Hiding in Full View is promoted as a collaboration between Alison Watt and poet Don Paterson, with a little help from the photographs of Francesca Woodman.
Paterson’s text is embossed on the Ingleby walls, interspersed with Watt’s monochrome paintings and a selection of Woodman’s images. Paterson’s opening line, ‘We don’t exist; we only dream we’re here. This means we never die. We disappear’, seems an unsubtle emphasis on Watt’s preoccupation with human presence and absence. However, other selections from his texts, such as ‘All rooms will hide you, if you stand just so. Ghosts know this. That’s really all they know’, manifest as an apt contribution to the surrounding works, and eloquent fragments of poetry in their own right.
Since 1997, Watt has painted swathes of fabric, which elude to sexuality and the imprints and interstices of human contact. They are meticulously rendered, and rely upon a mimetic attitude towards representation. However, under closer inspection they reveal an almost clumsy nature; their exquisite qualities are displaced by the revelation of a primitive methodology. For a painter whose impact relies on a painstaking commitment to representation, it feels like a magic trick coming undone.
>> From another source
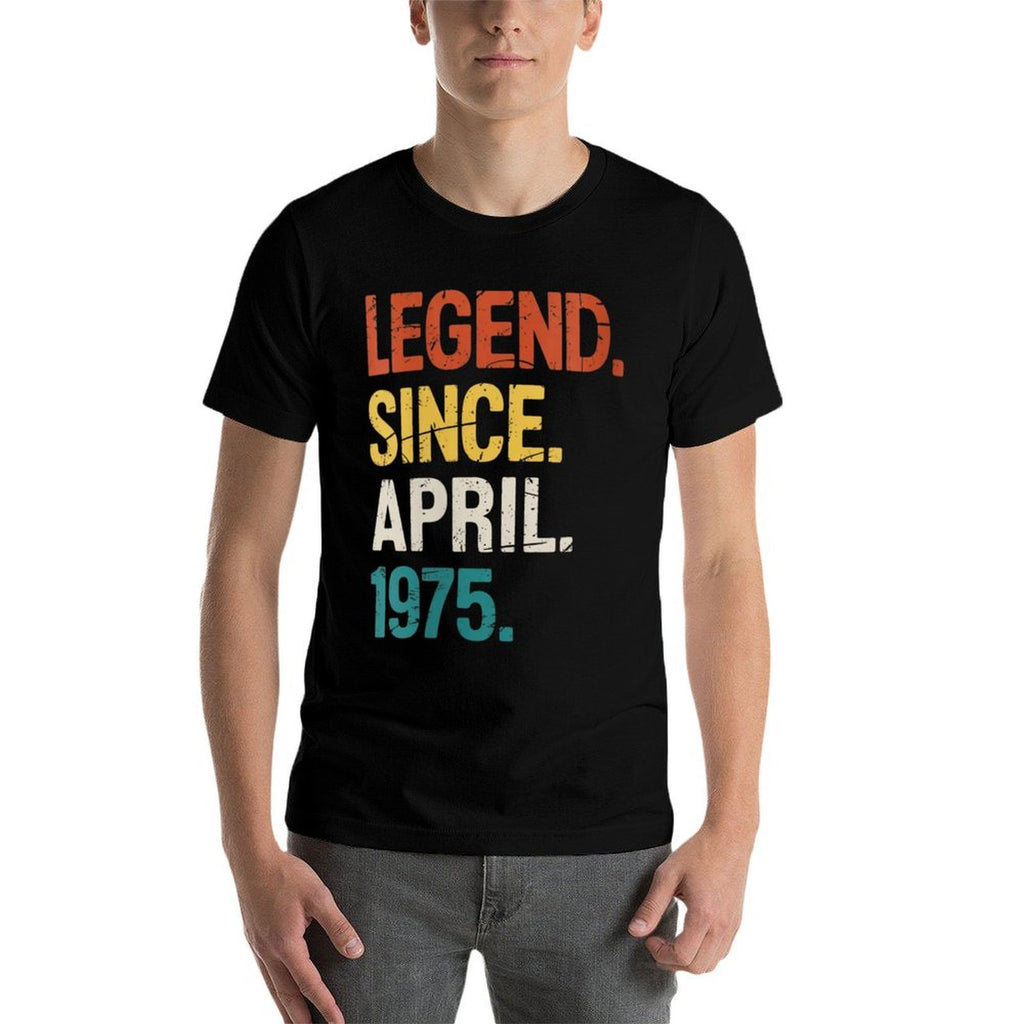 Womens Legend Since April 1975 50th Birthday Gifts 50 Year Old  Ribbed Collar T-Shirt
As a whole, the exhibition feels repetitive and laboured. Paterson’s texts are beguiling, but set aside Watt’s paintings, their potential quiet beauty becomes contrived. Similarly, while Watt’s paintings can be serene in the right environment, here their repetition results in a sense of vapidity. Woodman’s photography only seems to aggravate this, as an irrelevant contribution to an already overworked idea. There are hints of subtle intimacy within the collaborations, but they are drowned out by the awkward shouting of an exhibition that wants to be very quiet.